Wnętrza domu, w którym mieszkał i tworzył jeden z najbardziej znanych polskich pisarzy, od lat są udostępniane zwiedzającym. W swoim testamencie Stefan Żeromski pozostawił willę Annie i Monice Żeromskim, zaznaczając jednocześnie, że jeśli jego córka Monika umrze bezdzietnie, nieruchomość przejdzie na własność Polskiego Pen Clubu. Tak też się stało.

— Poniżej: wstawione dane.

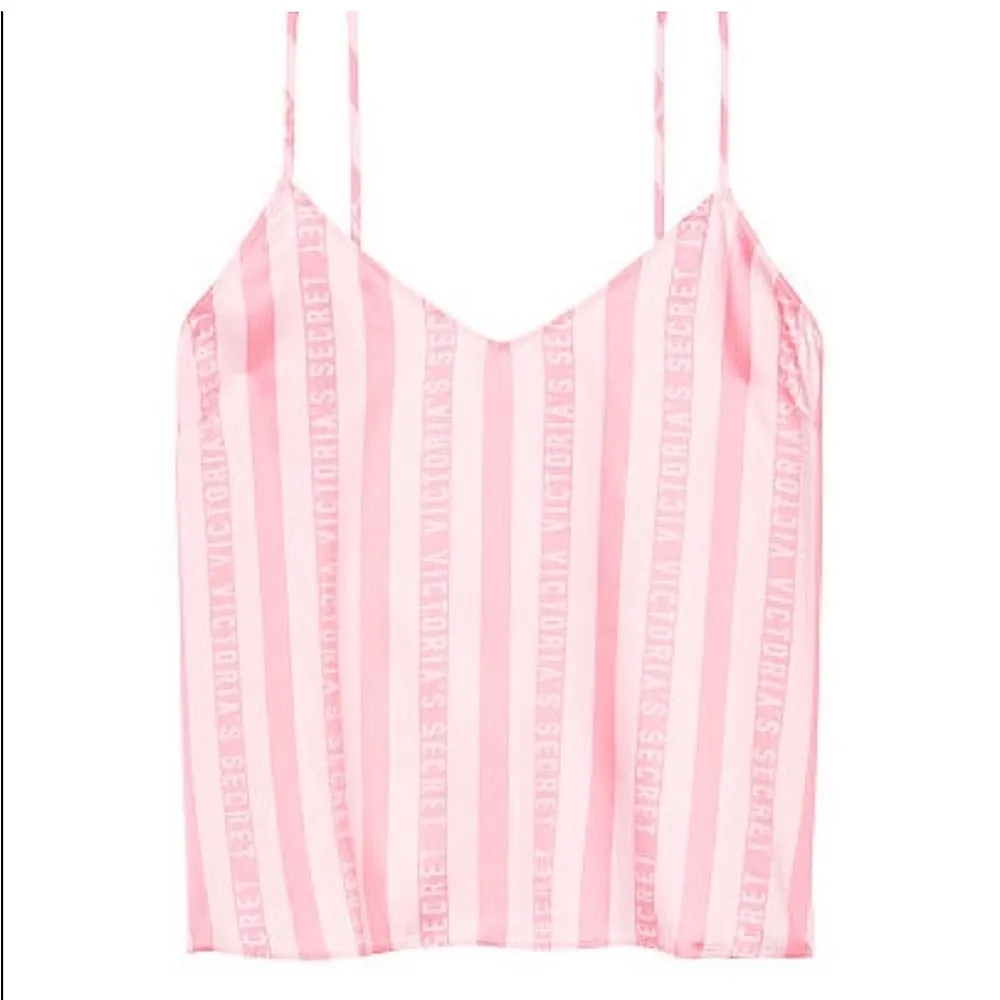 Victoria’s Secret VTG Logo Pink Stripe Satin Sleep Pajama Cami Size XL - Image 29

Willą przy ul. Żeromskiego 4 opiekuje się założona w 2002 roku Fundacja Na Rzecz Utrzymania Spuścizny Po Stefanie Żeromskim, zarządzana przez Prezesa Polskiego Pen Clubu, który jest jednocześnie prezesem Fundacji.
Przez ostatnie lata Dom-Muzeum Stefana Żeromskiego był dofinansowywany m.in. przez Konstanciński Dom Kultury. Jednak w związku z tym, że od ubiegłego roku pod skrzydłami KDK pojawiła się kolejna instytucja kultury, czyli Muzeum Wycinanki, a jednocześnie władze gminy znacząco ograniczyły środki przeznaczone w budżecie na 2023 rok na kulturę ( w stosunku do wnioskowanych przez Dyrektor KDK), konieczne było szukanie oszczędności. Już jesienią dyrektor Konstancińskiego Domu Kultury Edyta Markiewicz-Brzozowska zapowiadała, że nie udźwignie dofinansowywania zewnętrznej instytucji. Tak też się stało. Z końcem marca br. KDK przestanie wspierać finansowo Fundację, która prowadzi Muzeum.
Podczas listopadowego posiedzenia Komisji Bezpieczeństwa, Oświaty, Kultury i Sportu burmistrz Kazimierz Jańczuk podkreślił, że gmina nie może remontować budynku, do którego nie ma tytułu prawnego. Przypomniał również, że swego czasu Minister Kultury wyraził gotowość przejęcia muzeum, a następnie wyremontowania budynku i jego utrzymywania, ale na to nie zgodziła się Fundacja.
W związku z tym, że Stefan Żeromski jest ważną dla historii uzdrowiska postacią, mieszkańcom zależy na tym, by muzeum nadal funkcjonowało, a dom pisarza został zachowany w dobrym stanie. Na temat sytuacji Domu-Muzeum Stefana Żeromskiego radni będą rozmawiać podczas najbliższego posiedzenia Komisji Bezpieczeństwa, Oświaty, Kultury i Sportu z reprezentującą Towarzystwo Miłośników Piękna i Zabytków Konstancina panią Czesławą Gasik.